13. En cinquième lieu, la décision attaquée n’ayant été prise que pour assurer l’exécution de la mesure d’éloignement du territoire français décidée par la juridiction judiciaire, M. A ne peut utilement soutenir qu’il souhaite rester en France pour poursuivre sa formation de carrossier. S’il indique qu’il souhaiterait rejoindre l’Espagne, il ne ressort en tout état de cause pas des pièces du dossier, et n’est même pas allégué, que les autorités de cet Etat lui auraient délivré un document de voyage qui serait en cours de validité, ni qu’il y serait légalement admissible. Enfin, la décision fixant le Maroc comme pays de renvoi n’a ni pour objet, ni pour effet, de lui interdire de se rendre ensuite en Espagne.
14. En dernier lieu, les moyens tirés de l’erreur manifeste d’appréciation des conséquences de la décision fixant le pays de renvoi sur la situation personnelle de M. A et de l’erreur de droit n’ont pas été développés dans la requête et n’ont pas été précisés au cours de l’audience. Dans ces conditions, ces moyens doivent être écartés comme n’étant pas assortis des précisions permettant d’en apprécier le bien-fondé.
15. Il résulte de tout ce qui précède que la requête présentée par M. A doit être rejetée.
D E C I D E :
Article 1er : La requête présentée par M. A est rejetée.
Article 2 : Le présent jugement sera notifié à M. D A et au préfet du Finistère.

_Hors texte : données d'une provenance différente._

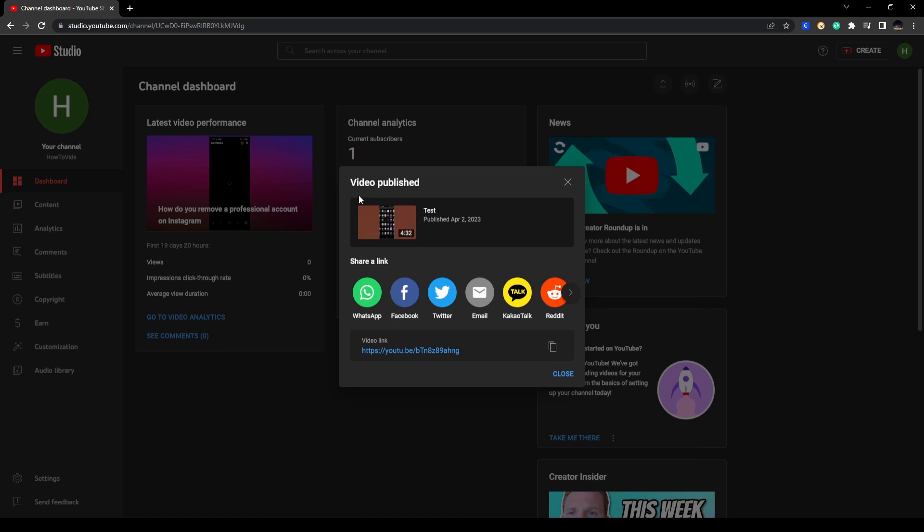All right, now here your video is published. You have the link in here. You can directly copy this link and send this to your friends and contacts or post it on your socials so people can find your video.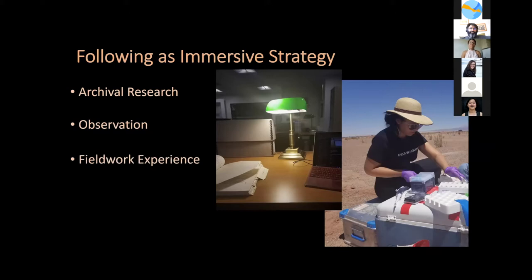Finally, and most relevant for this talk, fieldwork allowed me to follow not only scientists but the subjects they were looking at — microbes. This allowed me to put on an almost apprentice-scientist hat and be open to the dynamics of what astrobiology was in the doing. What better way to understand the questions astrobiologists are asking about life and the origins of life than by being in the action?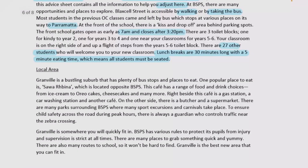Moving on to the local area, the response notes that Granville is a bustling suburb with plenty of bus stops and places to eat. One popular place is Sawa Riba, located opposite BSPS, which is a significant local icon offering a range of food and drink choices from ice cream to Oreo cakes, cheesecakes and many more. Right beside this cafe is a gas station, a car washing station, and another cafe. On the other side, there is a butcher and a supermarket. There are many parks surrounding BSPS where many sport excursions and carnivals take place.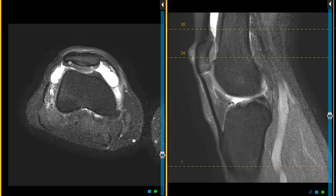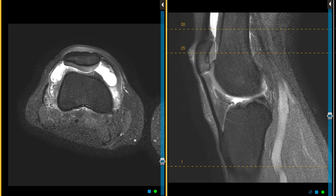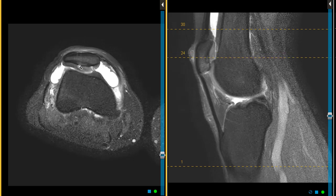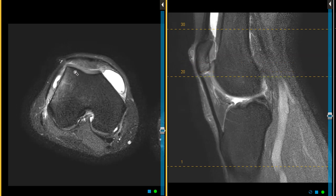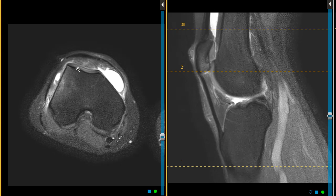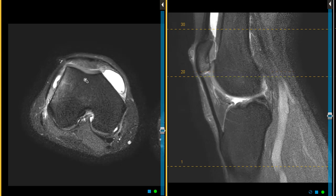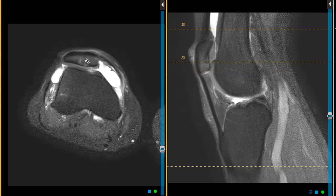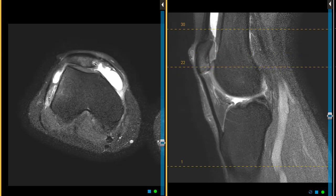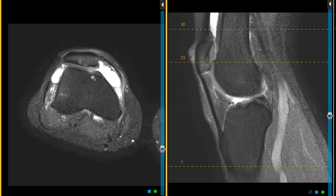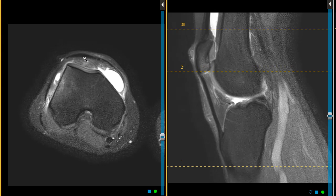We also see that the patellar articular surface is very flat — normally it's a deep V. And the femur here also has a flat articular surface, so they don't have a deep V or deep trough for the patella to sit within. When both of these surfaces are flat like this, the kneecap is unstable, it's not held in here, and it can slip or sublux. With the high-riding patella, it makes it worse.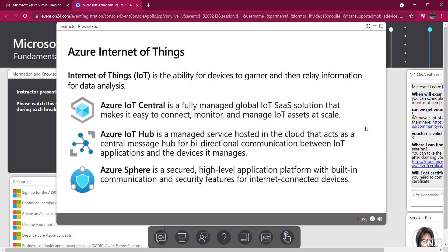We have several Internet of Things offerings, including IoT Central, IoT Hub, and Azure Sphere.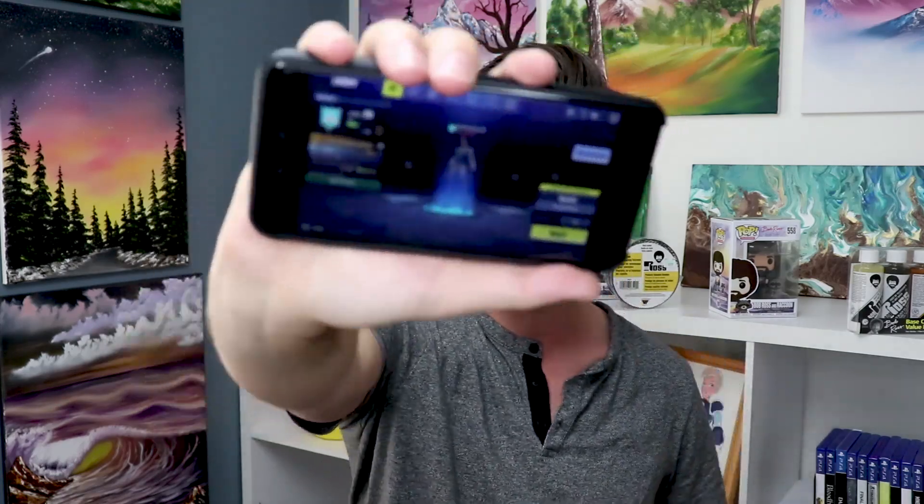Looking to stream your mobile Fortnite or PlayerUnknown's Battlegrounds to your Twitch, Mixer, or YouTube account? In this video I'm gonna show you how to do it perfectly and for free, coming at you right now.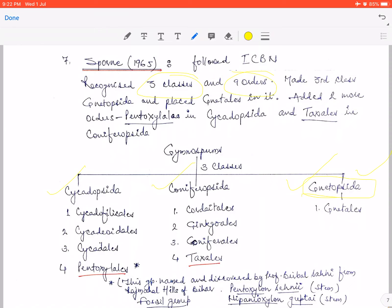The reason there are now 3 classes instead of 2 is that Sporne separated Gnetales from Coniferophyta and gave it its own class: Gnetopsida. So the 3 classes are: Cycadopsida, Coniferopsida, and Gnetopsida. Cycadopsida has 3 orders similar to before — the Triple C — and he added another new order, Pentoxylales, making 4 orders in Cycadopsida.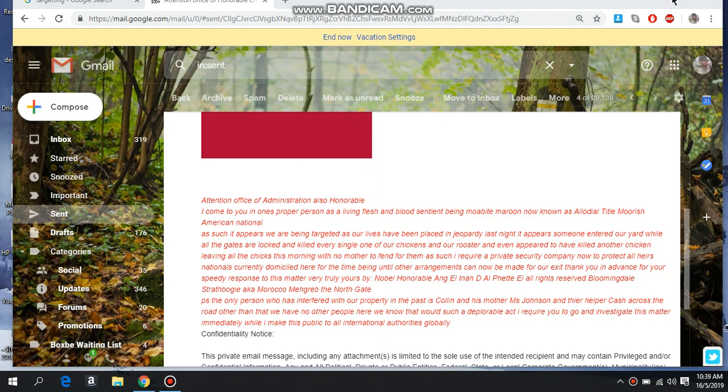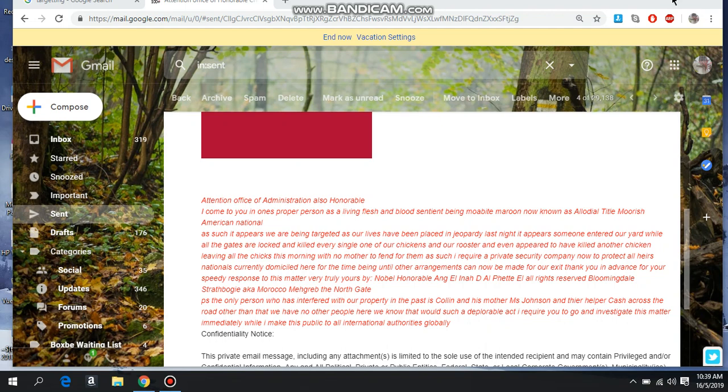Attention all international authorities, also Honourable Christopher in the head for the Ministry of Health here. I come to you in one's proper person as a living flesh and blood, sentient being, Moabite Maroon, now known as a low-deal title, Morrisian American National.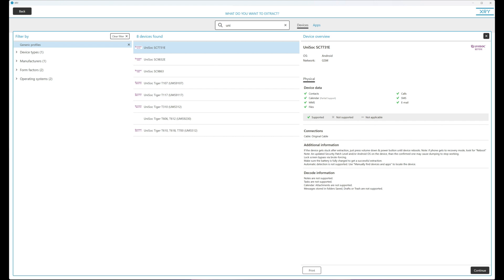Now, if you've got a device, automatic detection will not work with Unisoc, so you will need to discover and research the device that's in your possession. For example, using a site such as GSM Arena, you're going to be able to find chip details. Once you've found those, you can head back to XRY, pick the correct chipset, and then run the exploit.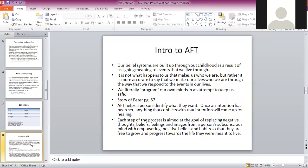Now let's go to the AFT 12-step process. Our belief systems are built up through our childhood as a result of assigning meaning to events we live through. It is not what happens to us that makes us who we are, but rather we make ourselves who we are through the way we respond to those events — we literally program our minds in an attempt to keep us safe. There's a story about a man named Peter that Dr. Benjamin Perkis worked with.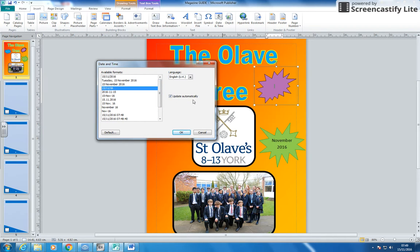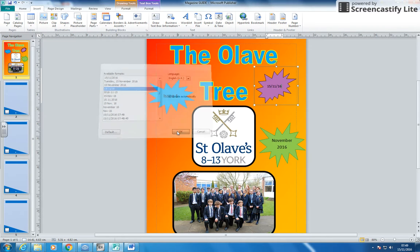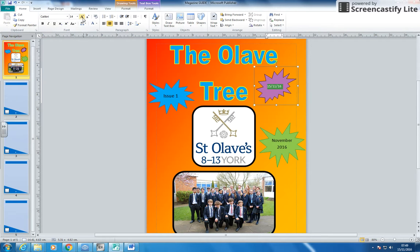...it will change the date based on the day that I open it up. This is really good for a magazine — if you release it on a certain day and print on that day, you don't have to remember what day you're releasing it and type it in. You just set it to automatic date, and when you open it up on that day the date will automatically change for you. Click OK and there's my date in there, a little bit bigger and wider.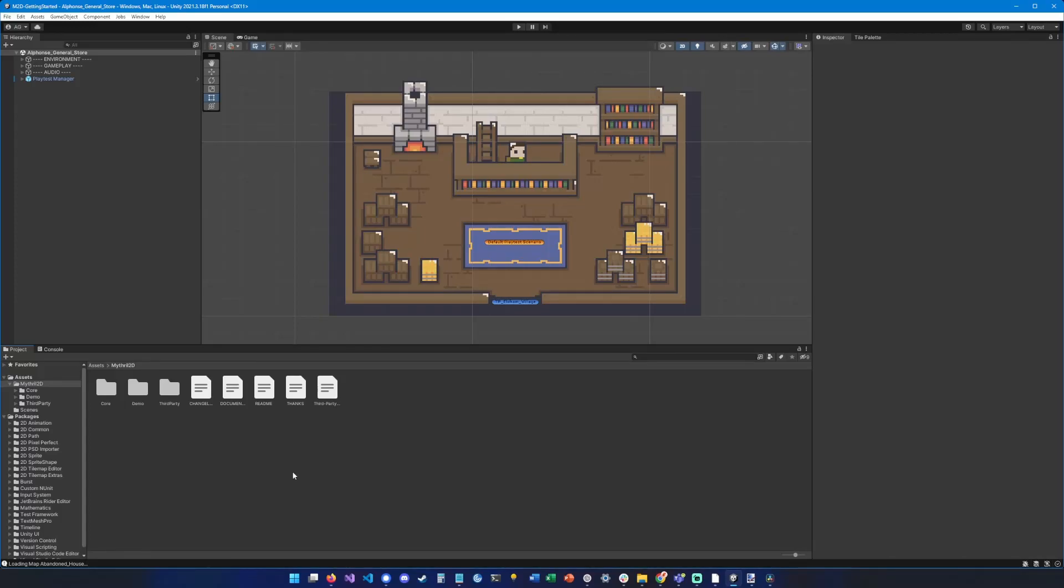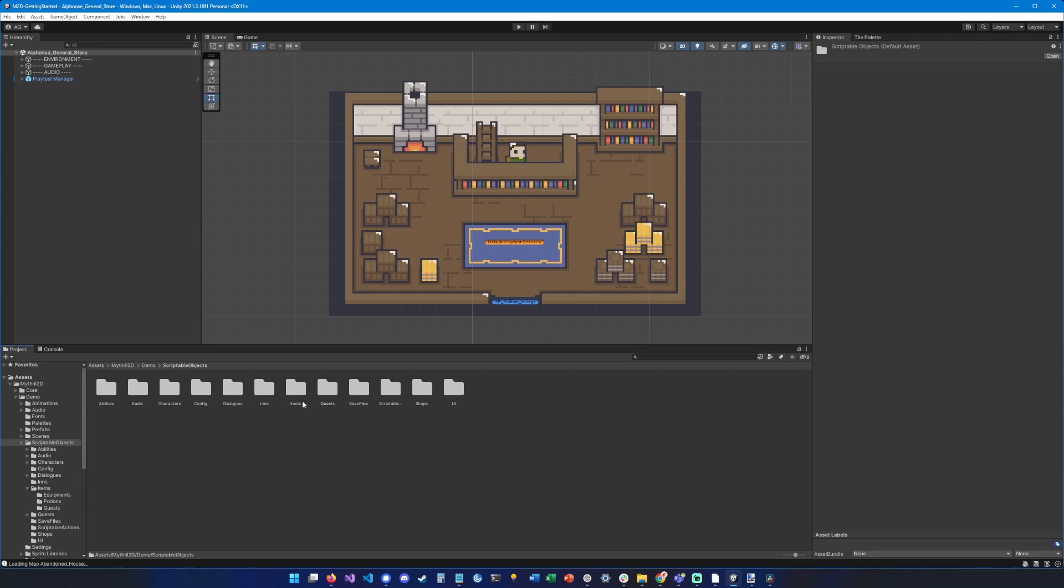Hi guys, in this video we're going to look into items in Mythral 2D. So first, let's go into the demo folder, then scriptable objects, then items. There you can see three folders: equipments, potions, and quests. Let's go into the equipment folder.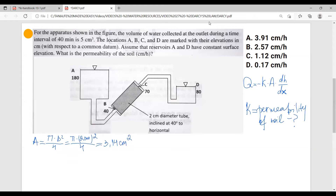Now let's look at dH over dx. dH is actually the difference in elevation, and it's going to be 180 minus 80, so we have 100 centimeters. And dx is the length of the soil sample.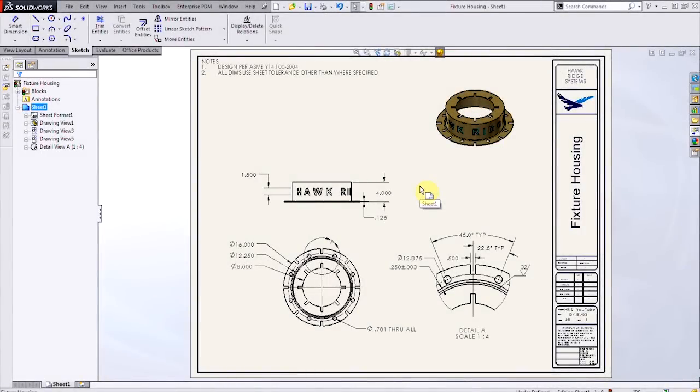Hi, my name is Brian LeBlanc and I'm an applications engineer for Hawk Ridge Systems. Today we're going to look at how to quickly add notes to your engineering drawings by making blocks and retrieving them from the design library.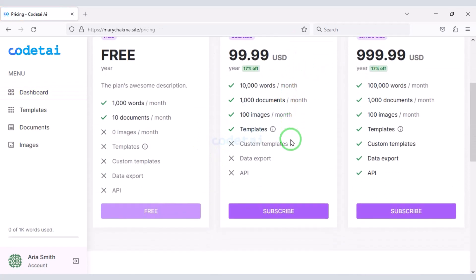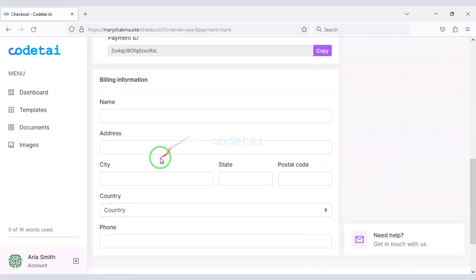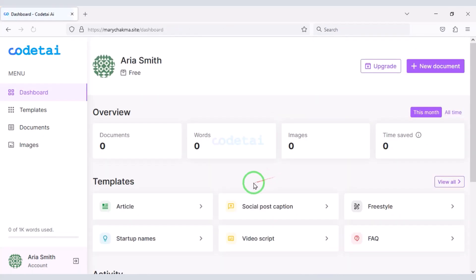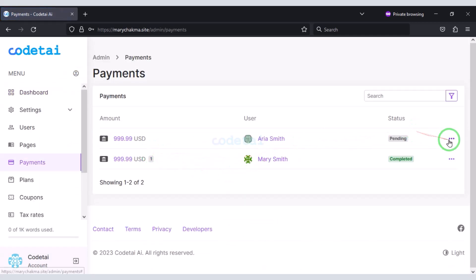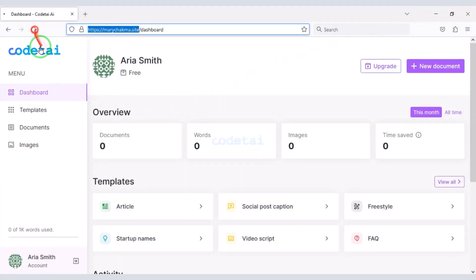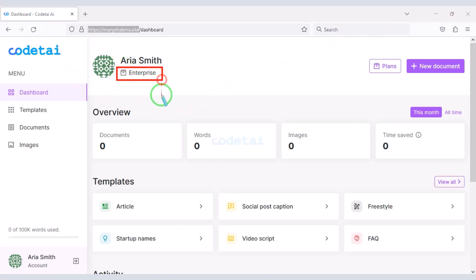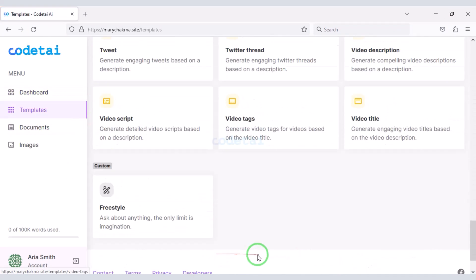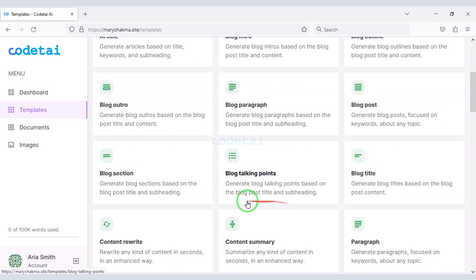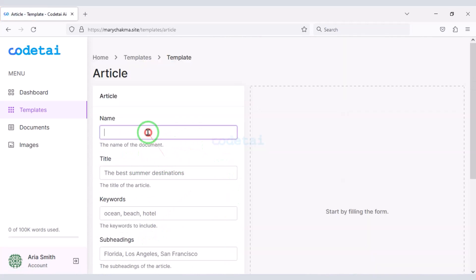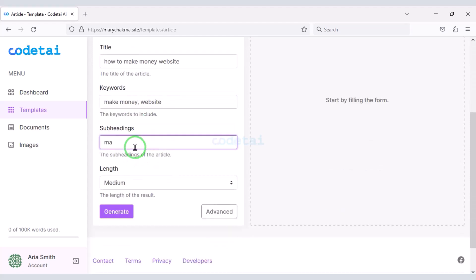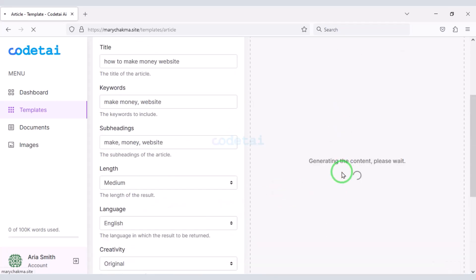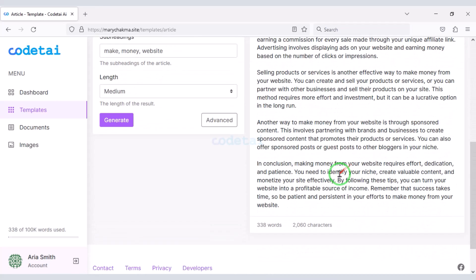Users can upgrade the account if they wish. As an example I will now upgrade the account. Now we have to approve through the admin panel as we have done a demo payment through the bank. So now let's generate the content. Users will get many templates to generate content. As an example I will now generate an article. Wow, you can see a unique article is generated.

Décision communiquée aux parties le 1er juillet 2025 en application de l’article R. 922 25 du code de l’entrée et du séjour des étrangers et du droit d’asile.
Le magistrat désigné,
signé
D. LabouysseLa greffière d’audience,
signé
É. Ramillet
La République mande et ordonne au préfet du Finistère en ce qui la concerne ou à tous commissaires de justice à ce requis en ce qui concerne les voies de droit commun contre les parties privées, de pourvoir à l’exécution de la présente décision.